The focus of the Healing Fund grants going forward is to fund community projects geared toward Indigenous language preservation or language recovery, as well as youth programs to help teach traditional ways to young people. Criteria for applying and additional information are available online.
The deadline for applications is March 1, 2018. Eligible projects must involve Indigenous people at the community grassroots level, with applicants based on a reserve or territory or part of an off-reserve Indigenous community-based program.
Following the deadline in March, the Healing Response Committee will meet at the end of April 2018 to review applications. Applicants who do not receive a grant are highly encouraged to apply again the following year.

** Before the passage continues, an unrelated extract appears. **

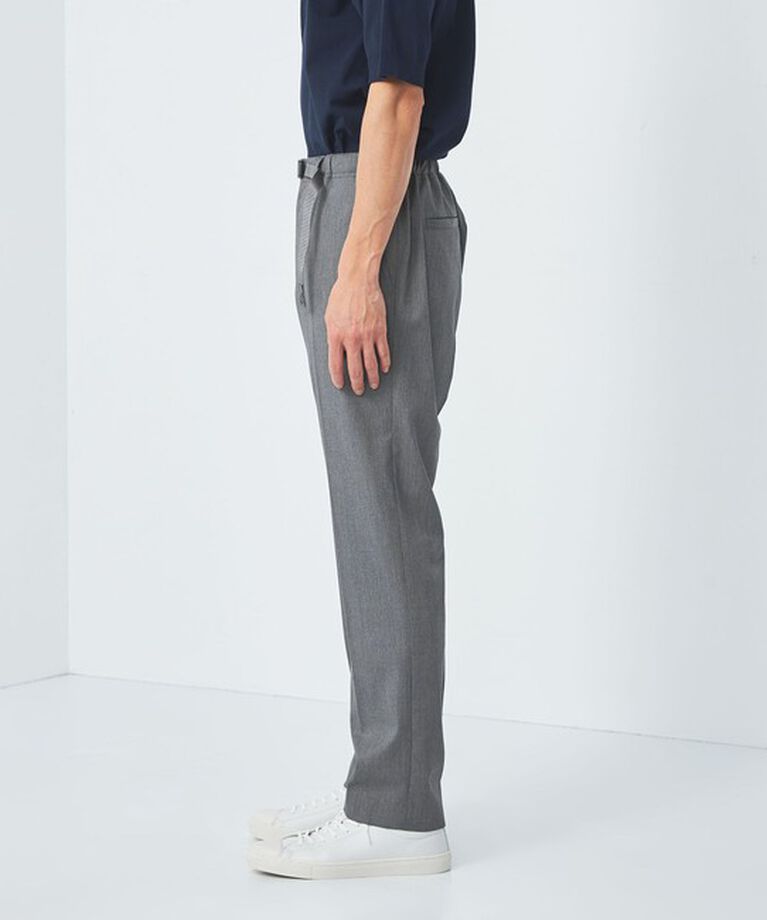 UNITED ARROWS green label relaxing「【別注】＜Gramicci＞GLR ギャバ ドレミチ NP イージーパンツ スラックス -ストレッチ-」|スラックス|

The Healing Response Committee last met in April 2017, as funds from the Indian Residential Schools Settlement Agreement that had supported the Anglican Healing Fund was coming to an end. With money from the settlement agreement spent, the Anglican Church of Canada established 2017 as a year of raising money for the Healing Fund. In January 2017, Archbishop and Primate Fred Hiltz announced that all undesignated funds raised through the General Synod’s annual Giving with Grace campaign would replenish the Healing Fund. The goal for the year was to raise $1 million, which would allow grants to be made by the Anglican Healing Fund for the next five years. Every dollar raised goes directly to the grant money; all administrative costs come out of the General Synod operating budget.
As of Nov. 21, the church has raised approximately $700,000 towards that goal. That total includes a $100,000 gift from the Diocese of Toronto, an $80,000 gift from the Diocese of Fredericton, money raised through Christ Church Cathedral in Victoria, and $6,000 in donations made in the name of the late Archbishop Terence Finlay, a major supporter of the Anglican Healing Fund.